Towards a Research Ensemble presents Wallace Shawn’s ‘The Fever’

No break in 'The Fever'

The Fever won the 1991 Obie Award for new play, but its themes are even more relevant today. Actor Scott Rodrigue, a "psychophysical movement researcher," works under the name Towards a Research Ensemble and makes Wallace Shawn's solo show his own at Plays & Players' Skinner Studio.

Scott Rodrigue feels 'The Fever.' (Photo by Kathryn Raines)

Rodrigue --"communally directed" by a rotating panel of artists, peers, and mentors -- collaborates with designer Amanda Jensen, keeping the playwright's aesthetic for the piece in mind. Shawn, best known for the films My Dinner with Andre, The Princess Bride, and innumerable TV roles, first performed The Fever in apartments and later continued to reject lighting, sets, programs, or other theatrical trappings.

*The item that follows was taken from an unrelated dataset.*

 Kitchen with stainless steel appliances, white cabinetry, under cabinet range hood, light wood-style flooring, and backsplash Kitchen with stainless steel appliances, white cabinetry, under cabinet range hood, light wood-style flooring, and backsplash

The Skinner Studio's walls and floor are black, with the audience in two small sections facing each other and back rows roped off "for the 1 percent." Jensen's lighting includes the audience as the production's most theatrical touch, gently sculpting the stage -- bare except for a chair and a cot -- and isolating Rodrigue skillfully.

Cognitive dissonance

Before the play, Rodrigue wanders, saying hello and offering beer. The text starts rather suddenly, without the usual division of lights to black. Wearing a gray button-down shirt and dark trousers, aside from the rakish curl of his moustache and his bare feet, he seems ordinary. He prowls the entire space, sometimes sitting in the audience, talking nonstop for nearly two hours.

An exercise in cognitive dissonance, the whole experience challenges us to adjust our theatrical expectations much as the speaker's assumptions about politics and economy evolve through the piece. Stuck in a hotel room in an unnamed "country where they don't speak my language," he analyzes bloated First World privilege and bleak Third World reality, questioning his lifelong assumptions through discussions of Chekhov's The Cherry Orchard, torture, pornography, and "commodity fetishism."

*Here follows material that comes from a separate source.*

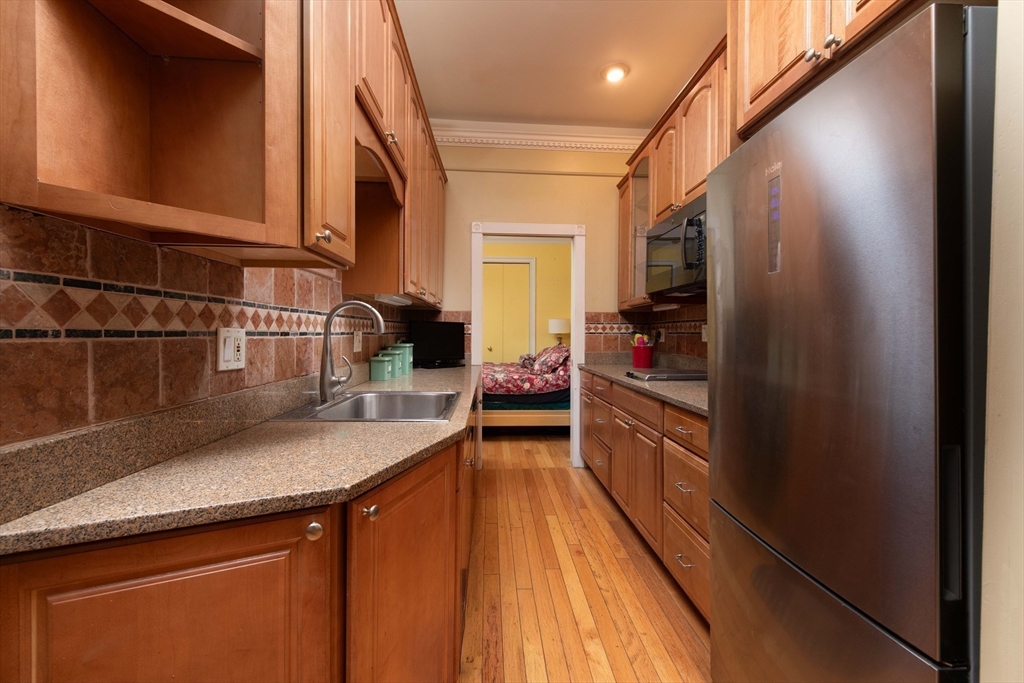 362 Commonwealth Avenue, Unit 2E 2F Boston, MA 02115 - Photo 7 of 17 a kitchen with a sink and a refrigerator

The dramatic action, if one can call it that, reveals the character's epiphany: "The life I lead is irredeemably corrupt." It's hardly a satisfying answer to questions about who we are, what we believe, and why it matters, but the lessons for the audience are clear. "We cannot escape our connection to the poor," he explains. But there's no call to action, no vision of what we can, should, or must do.


Brave though it is, and likeable as Rodrigue's voice and manner are, The Fever posesses a relentlessly humorless quality, not quite lecturing but also not emotionally engaging or suspenseful. Like most people likely to attend The Fever, I entered with some knowledge and empathy about economic inequality. The piece deepened my understanding of global economic forces, but didn't win my dramatic engagement. Perhaps my expectations of characters and stories are too ingrained and limiting to be overcome -- but without them, am I experiencing a play?

The Fever, however well-meaning, professionally produced, and smartly performed, doesn't reveal character or take risks. It's unclear when the performance ends if the protagonist will abandon his selfish, privileged existence. We already know the world's horrors, even if we, safe in our bubbles of luxury, avoid them. Can we change them? The answer, if there is one, might make a better play.